### Directions for this task
After locating the line that bears "Vintage Handmade Wooden", restate word for word that line and the rest of the listing to its final line, excluding all pictures.

### Raw data
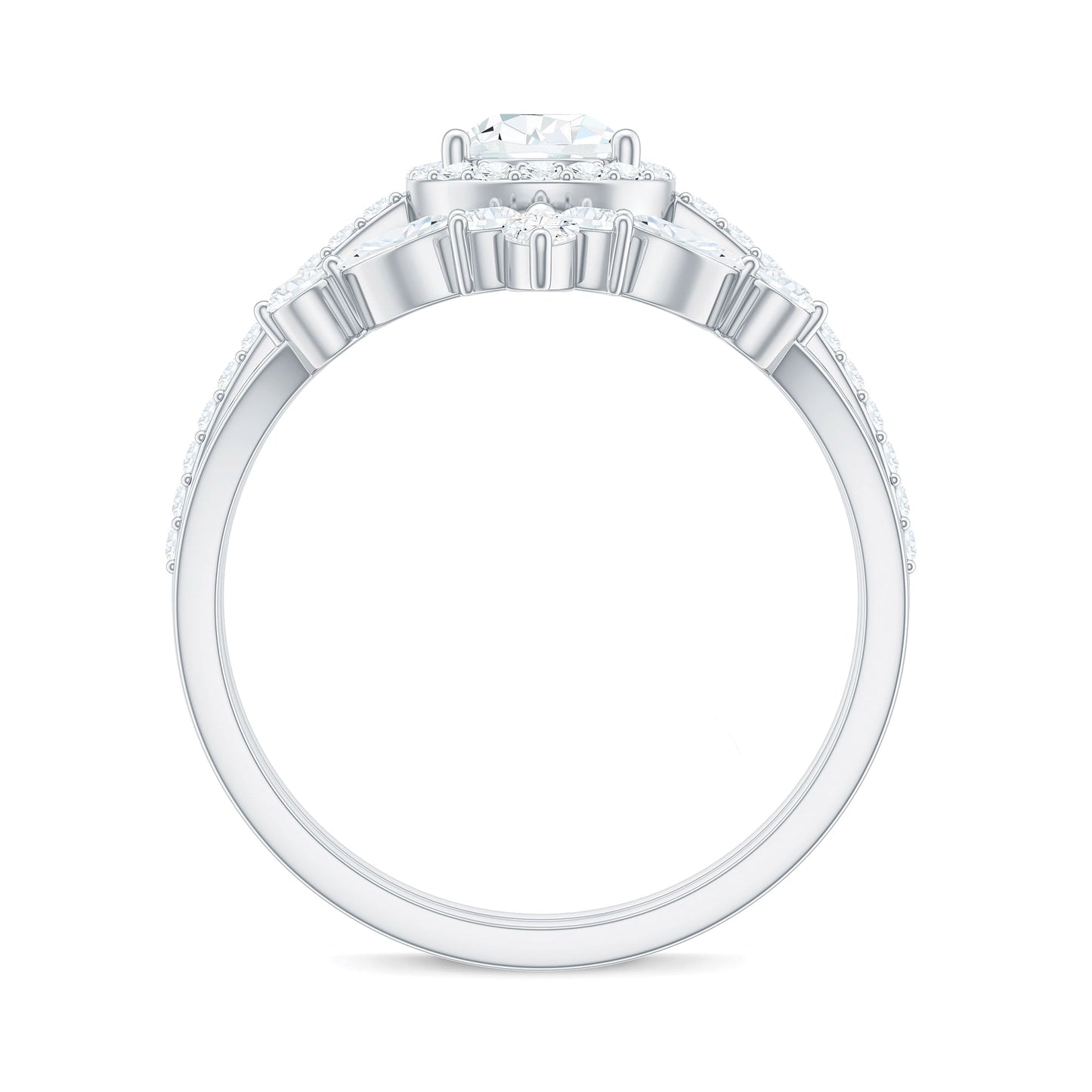 Pear Cut Moissanite Halo Bridal Ring Set with Certificate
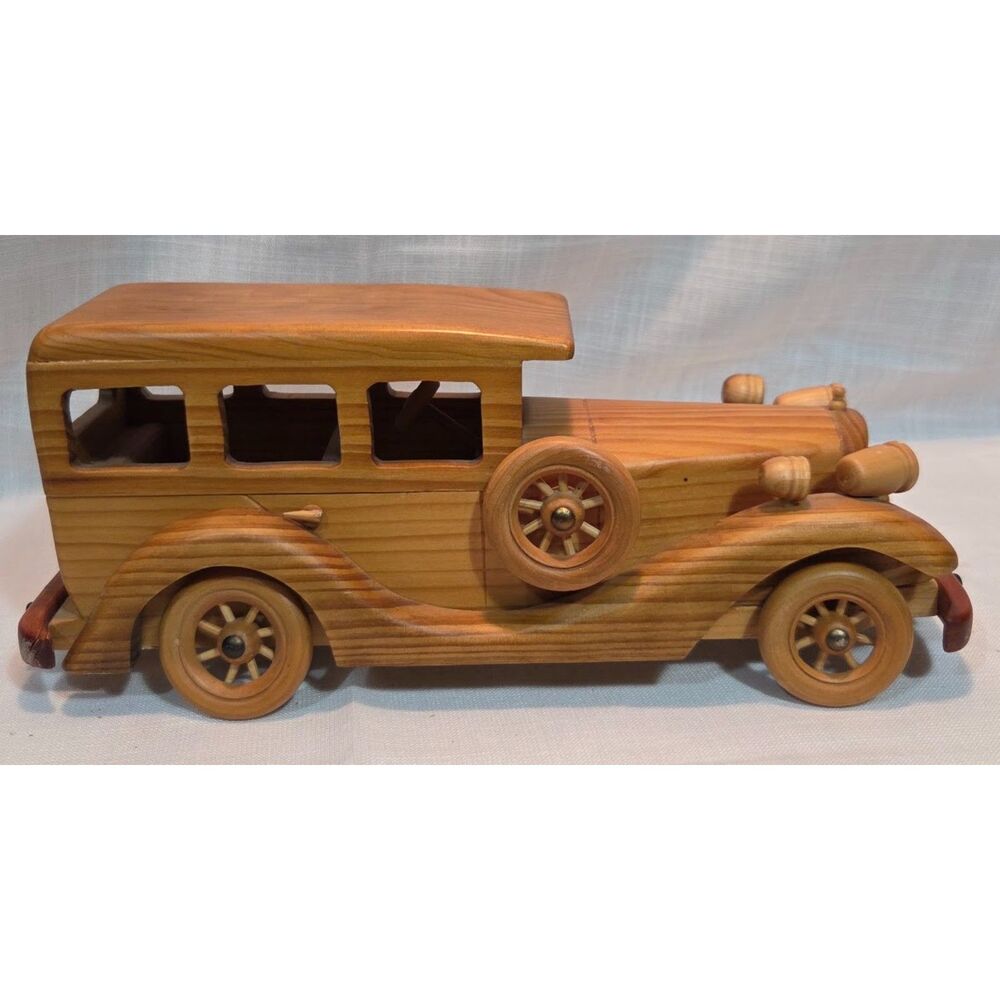 Vintage Handmade Wooden 1930s Classic Sedan Car Model Sculpture 12"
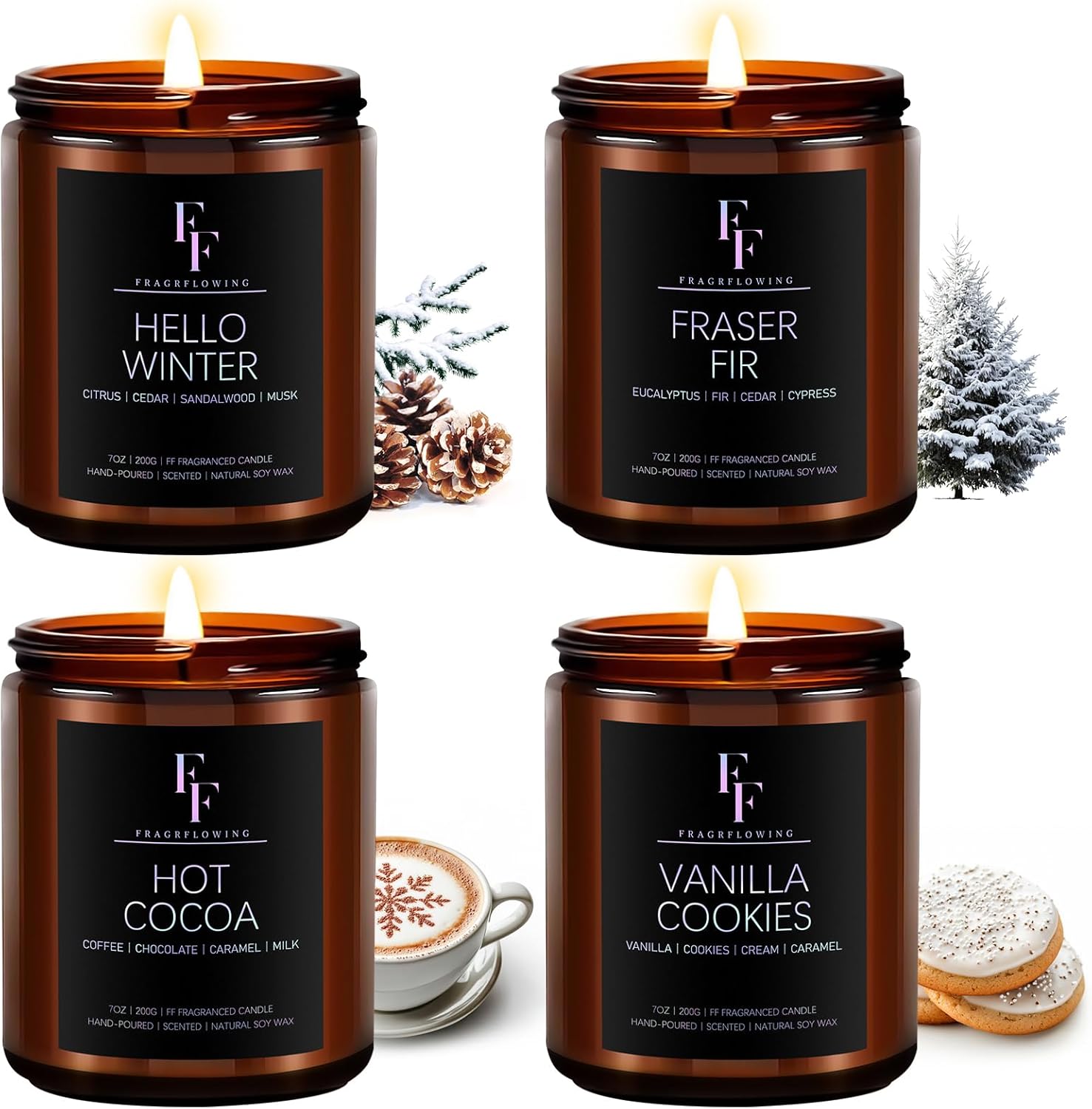 Winter Candles Set, Special Winter Scented Candles for Home, Affordable 4 Pack H...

### Response to the task
 Vintage Handmade Wooden 1930s Classic Sedan Car Model Sculpture 12"
 Winter Candles Set, Special Winter Scented Candles for Home, Affordable 4 Pack H...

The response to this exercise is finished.